EXERCISE
From the entries below, please output exactly the lines starting at the one containing "AKEMI_DEVOUT" and ending at the one containing "Atencia, en el", both included.

GIVEN RECORDS
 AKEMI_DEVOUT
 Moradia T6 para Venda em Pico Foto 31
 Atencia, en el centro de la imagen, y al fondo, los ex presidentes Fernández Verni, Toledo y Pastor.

...

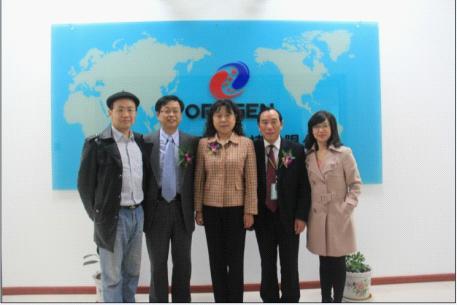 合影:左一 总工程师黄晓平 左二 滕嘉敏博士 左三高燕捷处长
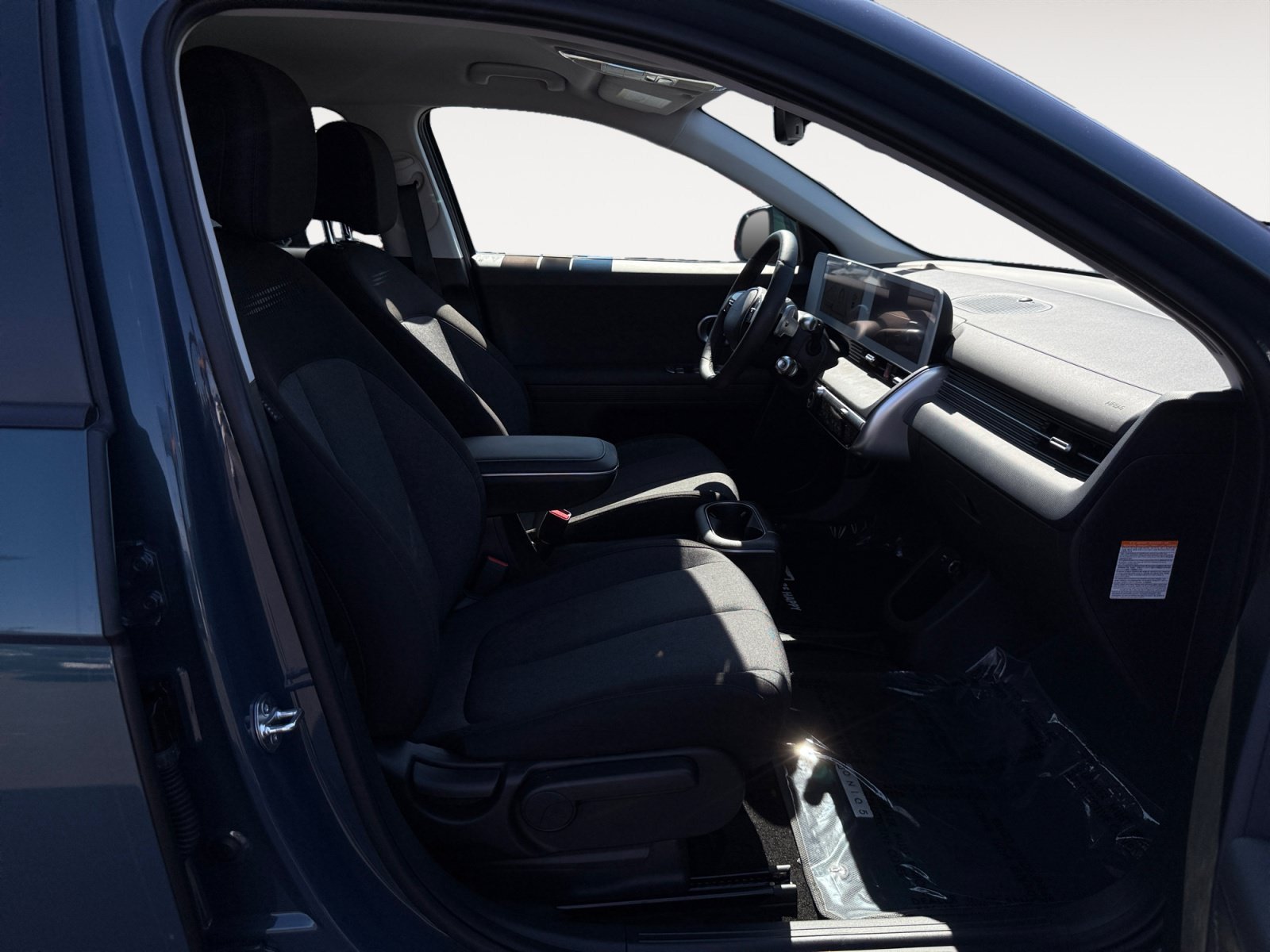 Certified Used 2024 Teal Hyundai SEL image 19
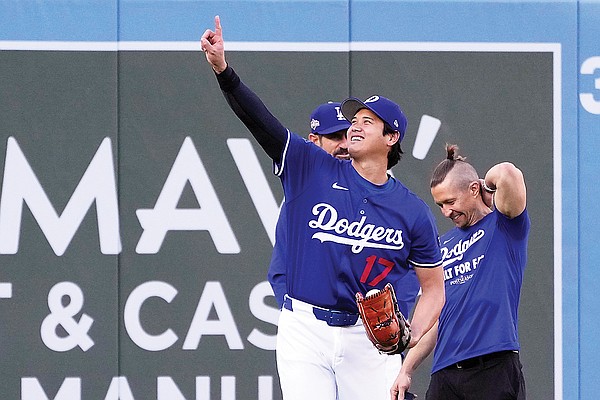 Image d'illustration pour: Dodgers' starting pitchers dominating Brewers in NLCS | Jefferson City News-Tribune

WRITTEN SOLUTION
 AKEMI_DEVOUT
 Moradia T6 para Venda em Pico Foto 31
 Atencia, en el centro de la imagen, y al fondo, los ex presidentes Fernández Verni, Toledo y Pastor.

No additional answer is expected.